> _Task instructions_:
Reproduce the data below line by line, from its first line to the line with "ешки Аркадак", both included, and nothing past that point.

(Items from a dataset)

- Opening Delimiter -

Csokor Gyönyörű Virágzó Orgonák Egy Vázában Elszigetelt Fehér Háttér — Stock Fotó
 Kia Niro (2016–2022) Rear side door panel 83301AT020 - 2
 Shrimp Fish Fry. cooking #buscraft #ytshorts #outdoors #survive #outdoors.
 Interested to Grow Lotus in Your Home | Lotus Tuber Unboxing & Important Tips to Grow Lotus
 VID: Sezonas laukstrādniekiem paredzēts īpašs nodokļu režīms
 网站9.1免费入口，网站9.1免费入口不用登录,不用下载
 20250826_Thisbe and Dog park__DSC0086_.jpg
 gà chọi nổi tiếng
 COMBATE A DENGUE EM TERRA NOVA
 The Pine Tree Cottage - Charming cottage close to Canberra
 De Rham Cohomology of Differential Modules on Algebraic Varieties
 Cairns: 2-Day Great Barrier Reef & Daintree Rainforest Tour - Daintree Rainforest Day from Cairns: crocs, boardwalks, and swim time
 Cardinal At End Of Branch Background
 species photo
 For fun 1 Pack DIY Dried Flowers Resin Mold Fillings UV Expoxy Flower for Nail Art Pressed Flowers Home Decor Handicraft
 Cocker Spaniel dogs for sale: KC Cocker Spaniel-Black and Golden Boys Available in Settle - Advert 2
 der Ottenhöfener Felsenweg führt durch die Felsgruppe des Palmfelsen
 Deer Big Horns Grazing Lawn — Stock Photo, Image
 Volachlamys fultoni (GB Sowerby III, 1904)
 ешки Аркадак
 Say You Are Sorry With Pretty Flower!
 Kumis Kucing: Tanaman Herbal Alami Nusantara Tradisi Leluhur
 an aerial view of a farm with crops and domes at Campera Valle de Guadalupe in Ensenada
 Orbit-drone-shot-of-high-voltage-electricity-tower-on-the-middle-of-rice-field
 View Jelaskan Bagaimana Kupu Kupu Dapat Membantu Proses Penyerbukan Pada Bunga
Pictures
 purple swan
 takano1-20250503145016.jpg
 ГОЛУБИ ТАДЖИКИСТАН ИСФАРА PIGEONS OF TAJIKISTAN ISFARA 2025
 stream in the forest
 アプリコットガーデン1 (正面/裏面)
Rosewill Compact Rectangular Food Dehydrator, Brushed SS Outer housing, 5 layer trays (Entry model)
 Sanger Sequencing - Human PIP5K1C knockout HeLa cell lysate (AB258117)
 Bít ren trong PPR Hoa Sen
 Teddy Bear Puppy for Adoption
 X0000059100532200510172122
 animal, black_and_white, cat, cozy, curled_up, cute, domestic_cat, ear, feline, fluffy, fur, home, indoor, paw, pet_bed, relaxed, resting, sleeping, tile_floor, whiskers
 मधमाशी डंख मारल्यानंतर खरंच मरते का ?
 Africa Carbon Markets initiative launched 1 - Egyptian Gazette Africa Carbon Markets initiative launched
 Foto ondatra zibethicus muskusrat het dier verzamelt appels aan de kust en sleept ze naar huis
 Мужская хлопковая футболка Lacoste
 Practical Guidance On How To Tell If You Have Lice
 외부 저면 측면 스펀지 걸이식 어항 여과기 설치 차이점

- Closing Delimiter -

> _Reply_:
Csokor Gyönyörű Virágzó Orgonák Egy Vázában Elszigetelt Fehér Háttér — Stock Fotó
 Kia Niro (2016–2022) Rear side door panel 83301AT020 - 2
 Shrimp Fish Fry. cooking #buscraft #ytshorts #outdoors #survive #outdoors.
 Interested to Grow Lotus in Your Home | Lotus Tuber Unboxing & Important Tips to Grow Lotus
 VID: Sezonas laukstrādniekiem paredzēts īpašs nodokļu režīms
 网站9.1免费入口，网站9.1免费入口不用登录,不用下载
 20250826_Thisbe and Dog park__DSC0086_.jpg
 gà chọi nổi tiếng
 COMBATE A DENGUE EM TERRA NOVA
 The Pine Tree Cottage - Charming cottage close to Canberra
 De Rham Cohomology of Differential Modules on Algebraic Varieties
 Cairns: 2-Day Great Barrier Reef & Daintree Rainforest Tour - Daintree Rainforest Day from Cairns: crocs, boardwalks, and swim time
 Cardinal At End Of Branch Background
 species photo
 For fun 1 Pack DIY Dried Flowers Resin Mold Fillings UV Expoxy Flower for Nail Art Pressed Flowers Home Decor Handicraft
 Cocker Spaniel dogs for sale: KC Cocker Spaniel-Black and Golden Boys Available in Settle - Advert 2
 der Ottenhöfener Felsenweg führt durch die Felsgruppe des Palmfelsen
 Deer Big Horns Grazing Lawn — Stock Photo, Image
 Volachlamys fultoni (GB Sowerby III, 1904)
 ешки Аркадак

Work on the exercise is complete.